We do try to follow the Internet model in terms of the breadth and depth of the variety of things we cover, rather than trying to make any kind of editorial or curatorial stances in terms of what we collect.
Q. Would you say the library is like a living Internet?
A. Yes, in a lot of ways. As I’ve grown with the project, and as loose as it is, and with as many problems as that’s caused, it’s allowed the project to work extremely well. We’ve come a long way in terms of our mission and who we serve and the best ways to serve them. It is much more driven by the theory of technology that it was in 2006.
Ideally, I’d like to see more of these local libraries created. I’m moving to Los Angeles next year and I’m starting one there. And if we can multiple ones going around the United States, you’ll be able to look very deeply into different regions and different community. We may aggregate through traveling exhibitions and research to show how movements have developed at a grassroots level, because we have all this stuff that would have otherwise thrown away.
Q. Can you give some examples of the kind of work you have in the library right now?
A. We have issues of the Chicago Review, the Journal of Ordinary Thought from the Neighborhood Writing Alliance, Fractal Edge Press, Poetry Magazine, Punk Planet – those are the kinds of things we have that people may of heard of.
In the middle realm of obscurity, we have zines from the 1980s that were made by people who are very successful writers now or critics. We have a lot of In These Times, Venus, Dumpster Land, Trading Punches with Grandma, zines that people of a certain generation from Chicago would know.
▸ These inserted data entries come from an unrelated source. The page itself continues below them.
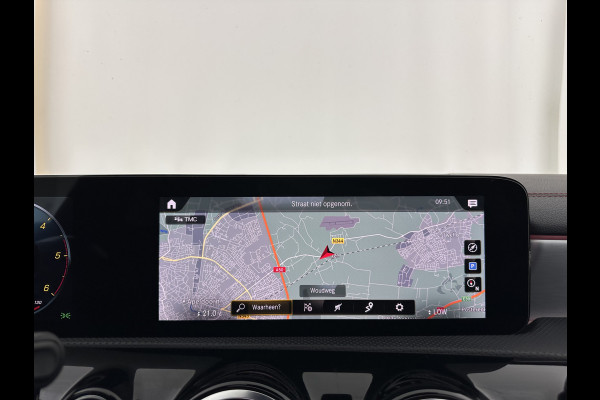 Mercedes-Benz CLA-Klasse Shooting Brake 200 d Business Solution AMG (INCL-BTW) *PANO | DISTRONIC | LEATHER-MICROFIBRE | MULITBEAM | AMBIENTLIGHT | BLINDSPOT | HEATED-SPORTSEATS | WIDESCREEN-DIGICOCKPIT | DAB+ | NAVI-FULLMAP | CAMERA | PRIVACYGLASS | 18''ALU*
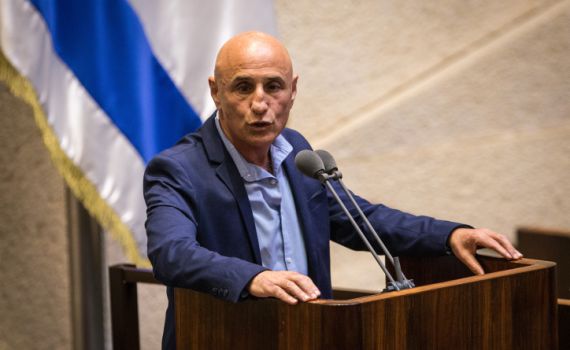 סקר: ימינה השניה בגודלה; וכמה מנדטים שווה שלח?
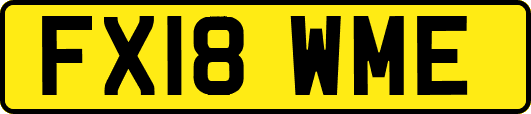FX18WME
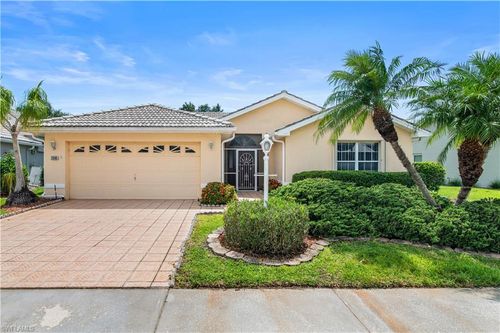 2680 Via Presidio, NORTH FORT MYERS, FL, 33917-7728 | Card Image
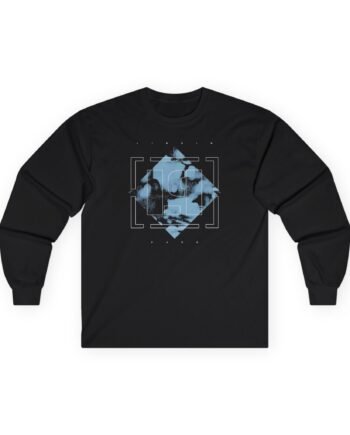Linkin Park Meteora Diamonds Unisex Ultra Cotton Long Sleeve Tee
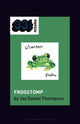 Book cover of: silverchair's Frogstomp. By: Jay Daniel Thompson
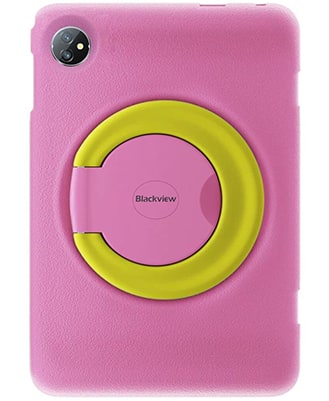 Blackview TAB 8 KIDS 4Gb/128Gb Wi-Fi Pink (Розовый) — pink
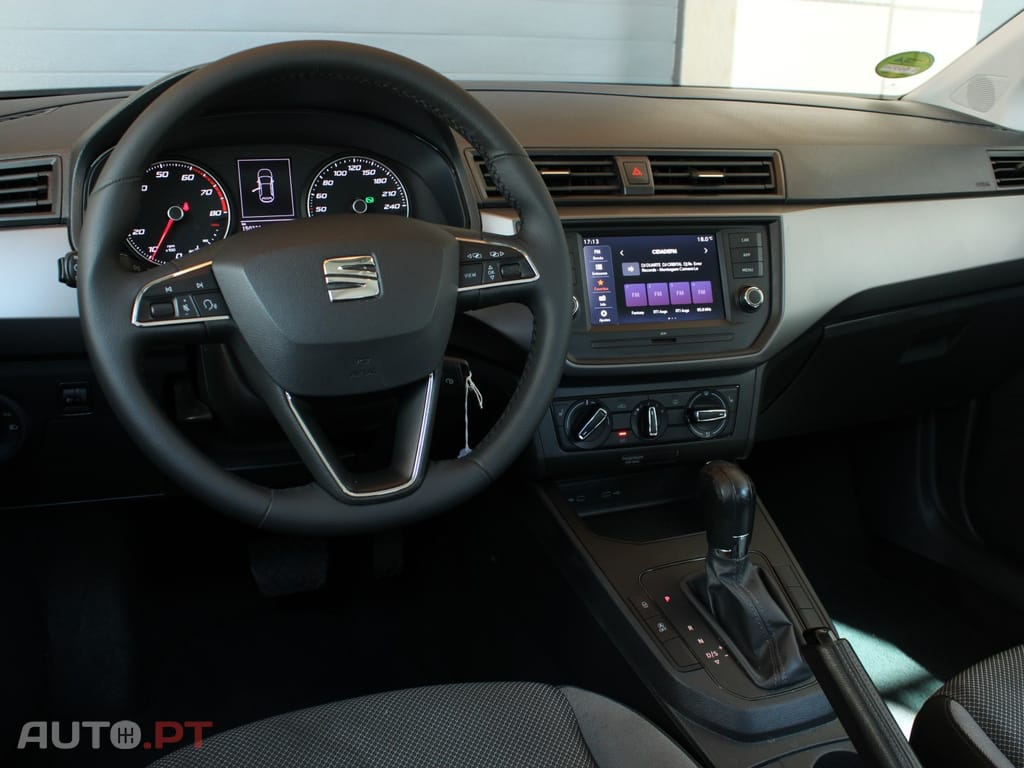 Seat Ibiza 1.0 TSI Style DSG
We’ve got books of poetry, handmade art books, things made in small numbers where one or two copies exist. What binds it all together is its all Chicago specific.
We’re open 1-5 p.m. Saturdays at this point, but we do take appointments.
We’re starting to do a lot more events now. We do a series called Orphan Works were we have people who aren’t writers – musicians, film maker, sound artist, graphic designers, visual artist – we have them reinterpret works from our collection. It gets them into a wider audience and shows that (the library) is not just a repository, but it can be even more of a living organism and encourage the production of new works. For something like that we bring out a “pop-out” library to the event so people can actually see it and lay their hands on it. We’re looking to start doing that at other events – for instance, someone who is giving a lecture on some sort of Chicago history – we can come and bring a series of books that relate to that and expand on what’s being discussed as a resource.
Q. Are you expecting a good turnout for Science of Obscurity tonight?
A. We are expecting a big turnout. I’m really keeping my fingers crossed because it was a combination of four different ideas we had for events. We have people participating all over the map. It’s a great way to do a literary event that’s more inclusive. We have a lot of people from the performance community or art community.
Q. How are you actually going to launch the books?
A. On a trebuchet. It’s going to be outside, and at the end of the night we’re shredding everyone’s rejection letters and we’re going to ball them up and launch them down the street as well. I’m really looking forward to it.